In the records that follow, count the lines where the string "Shirt" appears, and give the count with nothing added.

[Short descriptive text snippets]

= = = =

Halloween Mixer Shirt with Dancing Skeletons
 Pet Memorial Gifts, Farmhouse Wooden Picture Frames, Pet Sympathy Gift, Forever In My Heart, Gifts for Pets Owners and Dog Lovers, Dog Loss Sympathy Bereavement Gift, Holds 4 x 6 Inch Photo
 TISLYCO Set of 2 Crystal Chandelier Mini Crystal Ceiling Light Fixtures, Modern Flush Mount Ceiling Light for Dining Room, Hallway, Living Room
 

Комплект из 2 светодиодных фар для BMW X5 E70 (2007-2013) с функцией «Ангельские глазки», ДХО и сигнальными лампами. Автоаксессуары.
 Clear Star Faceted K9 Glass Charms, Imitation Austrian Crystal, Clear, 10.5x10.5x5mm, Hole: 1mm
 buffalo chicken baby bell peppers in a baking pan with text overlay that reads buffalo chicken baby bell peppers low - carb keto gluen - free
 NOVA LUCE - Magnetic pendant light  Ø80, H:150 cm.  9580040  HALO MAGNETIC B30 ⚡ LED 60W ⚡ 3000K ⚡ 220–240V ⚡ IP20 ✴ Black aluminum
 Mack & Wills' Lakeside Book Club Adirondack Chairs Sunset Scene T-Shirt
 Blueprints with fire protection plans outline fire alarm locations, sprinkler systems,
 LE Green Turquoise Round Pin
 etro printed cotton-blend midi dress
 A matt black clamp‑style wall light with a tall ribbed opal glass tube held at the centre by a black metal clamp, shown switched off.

= = = =

= Answer to this exercise =
2